Omit all pictures. Print the remaining lines exactly, from the start of the data through the line containing "Lietuviškos salotos su silke".

··········

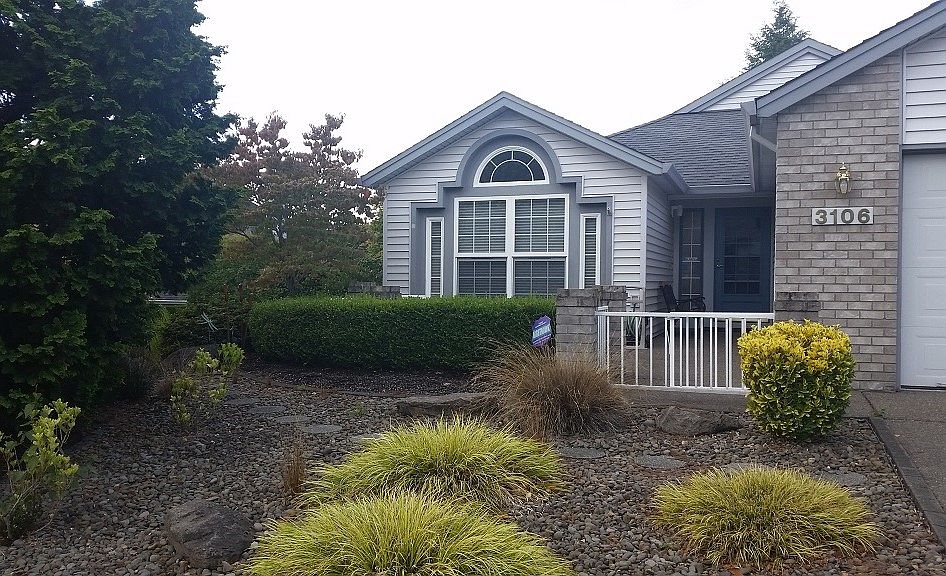1st image of 3106 SE 161st Ave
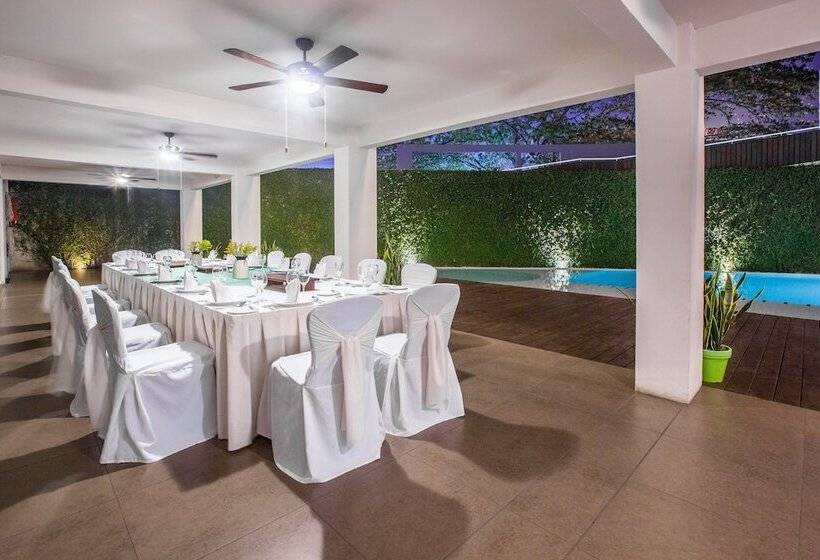 酒店 Crowne Plaza Villahermosa, An Ihg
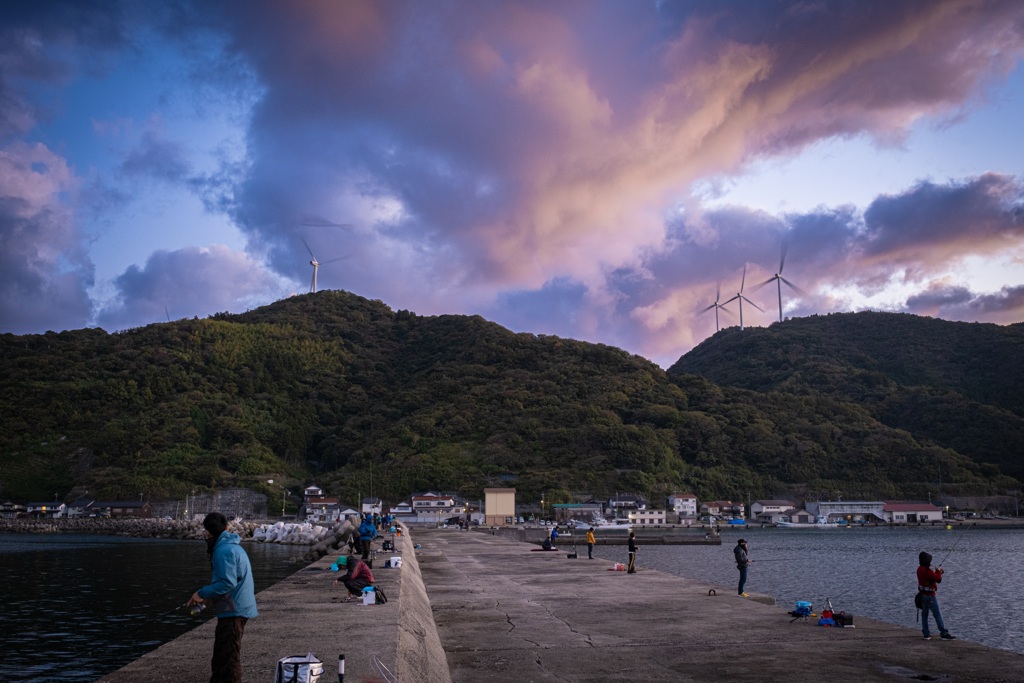 朝と釣り人。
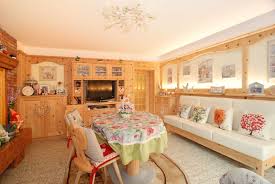 Wohnzimmermöbel uff faktur erstehen baur. Wohnzimmer Und Einrichtungen Aus Zirbenholz Gesundheit Aus Der Natur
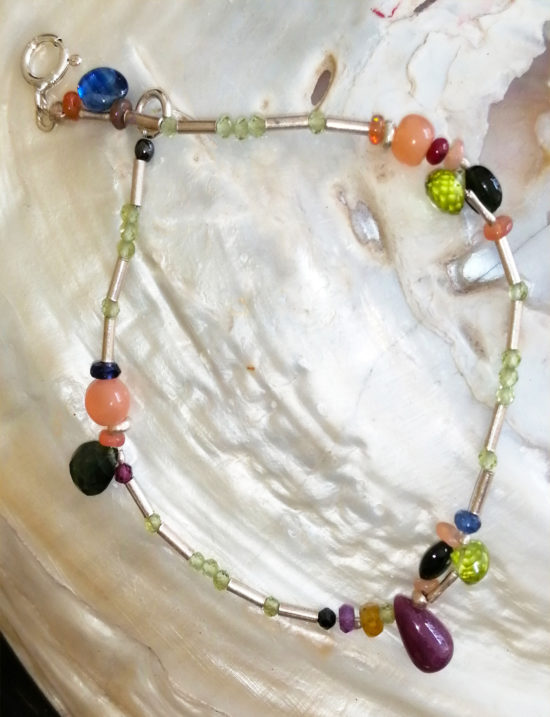 Pulsera de Plata y Olivino, Zafiro azul, Rubí, Amatista y otras piedras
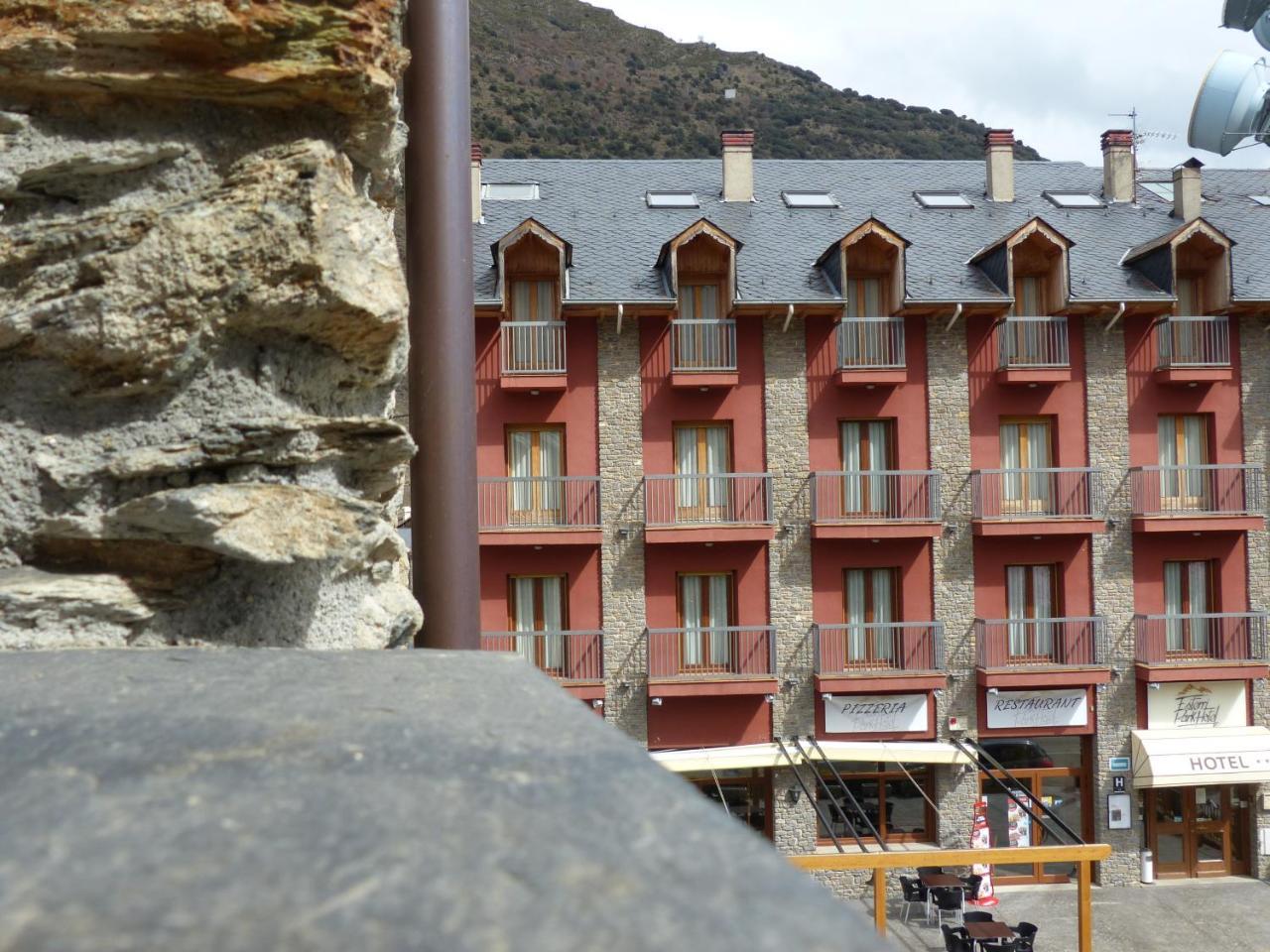 Hostal Vall D'Aneu By Arcas & Sambola Esterri D'Aneu Εξωτερικό φωτογραφία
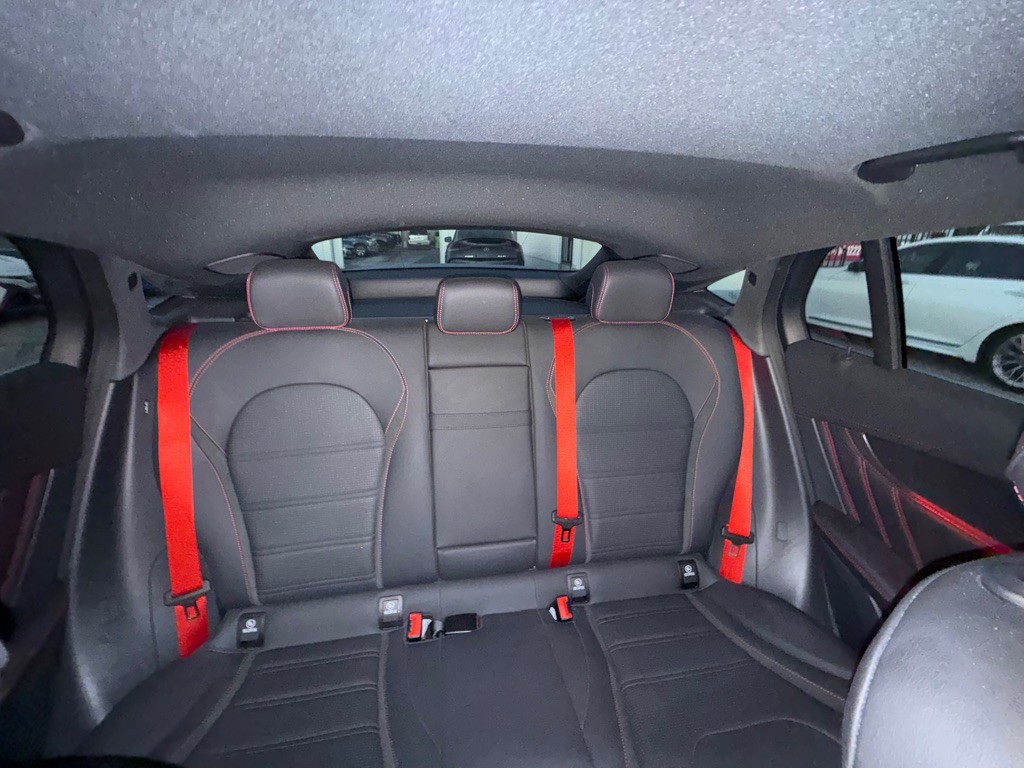2023 Mercedes-Benz GLC-Class Image 31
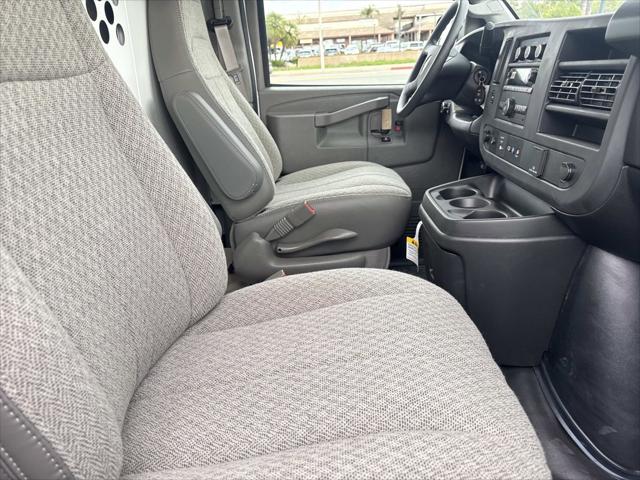 2025 GMC Savana Cargo RWD 2500 Regular Wheelbase Work Van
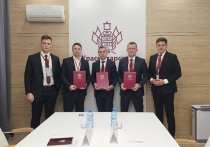 Петербургский международный экономический форум — 2025 (ПМЭФ-2025) прошел с восемнадцатого по двадцать первое июня в конгрессно-выставочном центре «Экспофорум» в Санкт-Петербурге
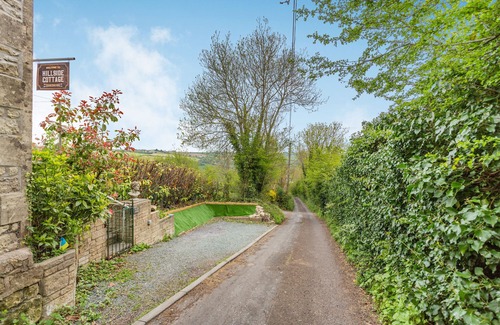 Peasedown Saint John Apartment | HILLSIDE COTTAGE, pet friendly, with a garden in Peasedown St John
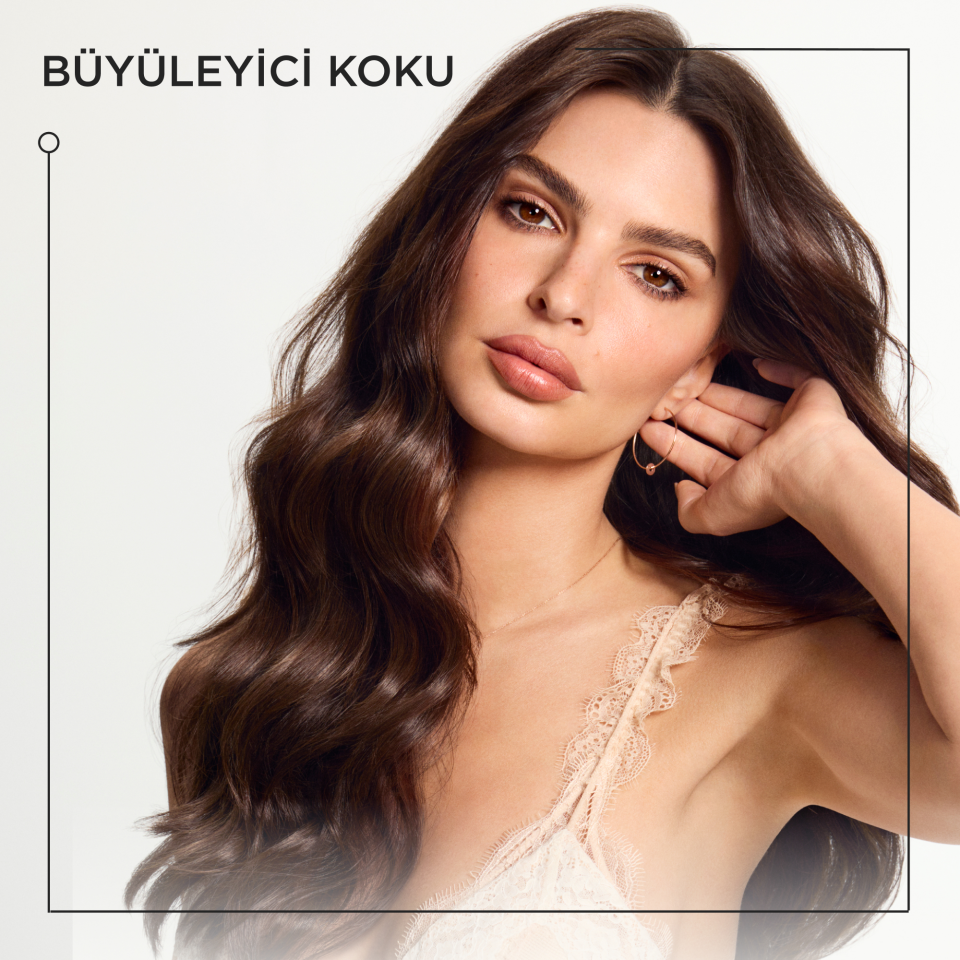 Kerastase Gloss Absolu Insta Glaze Elektriklenmeye Eğilimli Saçlar İçin Parlaklık Veren Saç Bakım Kremi 250 ML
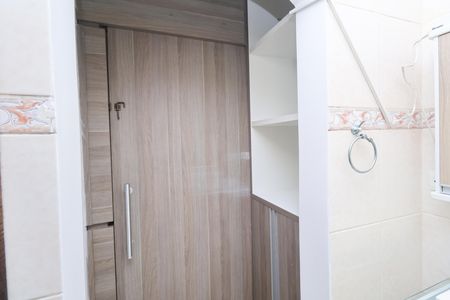 Casa para alugar com 246m², 3 quartos e 4 vagas Casa para alugar com 246m², 3 quartos e 4 vagasBanheiro da Suíte 2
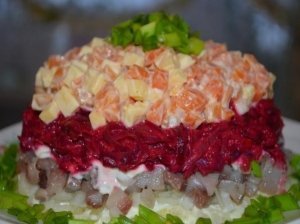 Lietuviškos salotos su silke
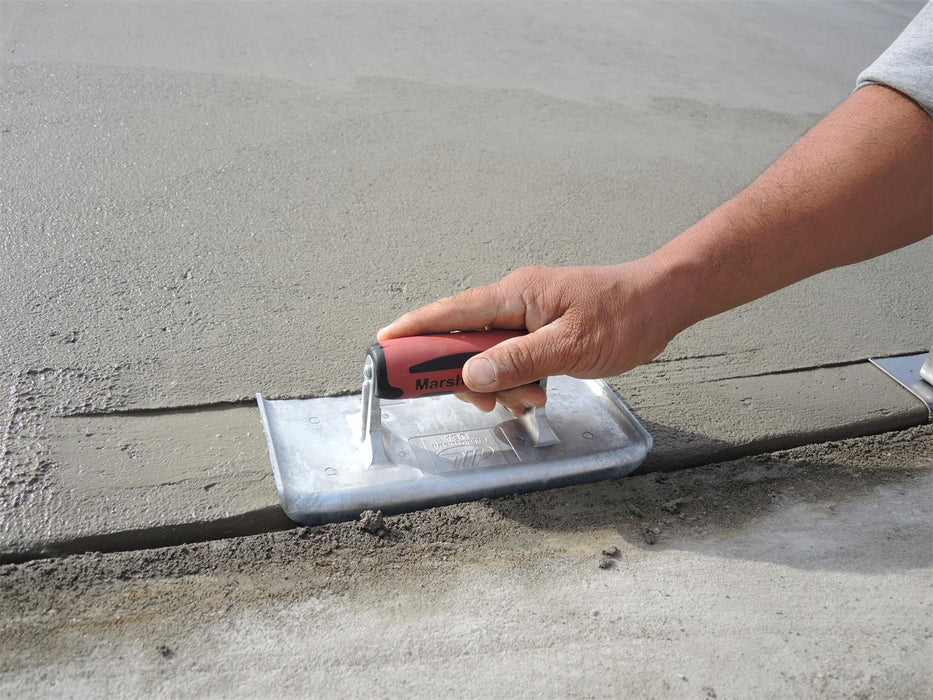 Marshalltown 4002D – 9" x 4" Zinc Edger (DuraSoft Handle, 1/4" R, 5/8" L)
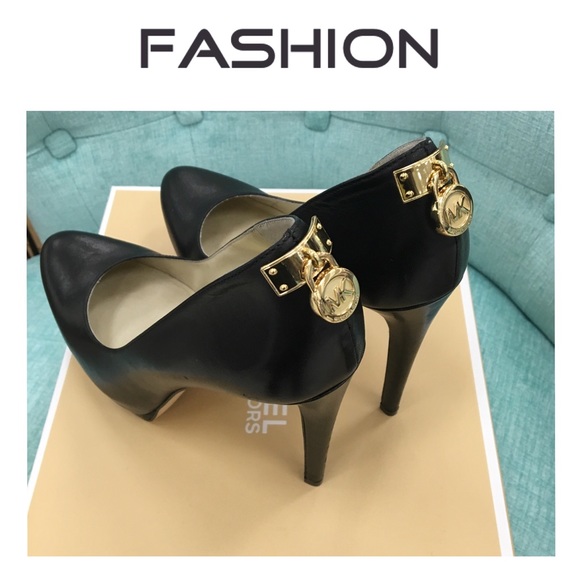 Michael Kors Sky High Pumps w/Gold Hardware Log - Picture 3 of 4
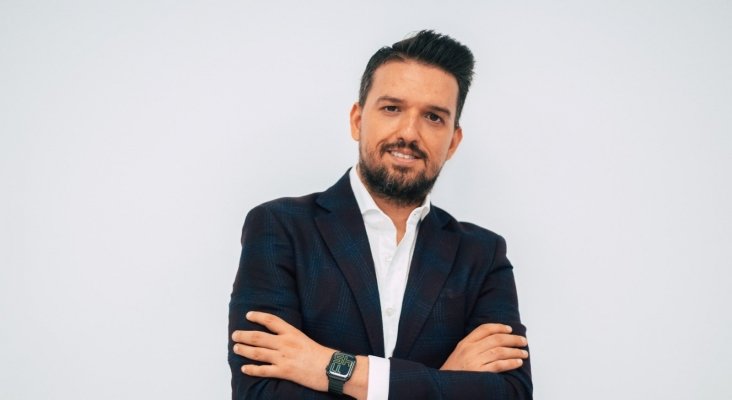 Yeyo Ballesteros, nuevo director de comunicación de Room Mate Group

··········

=== FINISHED TASK ===
1st image of 3106 SE 161st Ave
 酒店 Crowne Plaza Villahermosa, An Ihg
 朝と釣り人。
 Wohnzimmermöbel uff faktur erstehen baur. Wohnzimmer Und Einrichtungen Aus Zirbenholz Gesundheit Aus Der Natur
 Pulsera de Plata y Olivino, Zafiro azul, Rubí, Amatista y otras piedras
 Hostal Vall D'Aneu By Arcas & Sambola Esterri D'Aneu Εξωτερικό φωτογραφία
2023 Mercedes-Benz GLC-Class Image 31
 2025 GMC Savana Cargo RWD 2500 Regular Wheelbase Work Van
 Петербургский международный экономический форум — 2025 (ПМЭФ-2025) прошел с восемнадцатого по двадцать первое июня в конгрессно-выставочном центре «Экспофорум» в Санкт-Петербурге
 Peasedown Saint John Apartment | HILLSIDE COTTAGE, pet friendly, with a garden in Peasedown St John
 Kerastase Gloss Absolu Insta Glaze Elektriklenmeye Eğilimli Saçlar İçin Parlaklık Veren Saç Bakım Kremi 250 ML
 Casa para alugar com 246m², 3 quartos e 4 vagas Casa para alugar com 246m², 3 quartos e 4 vagasBanheiro da Suíte 2
 Lietuviškos salotos su silke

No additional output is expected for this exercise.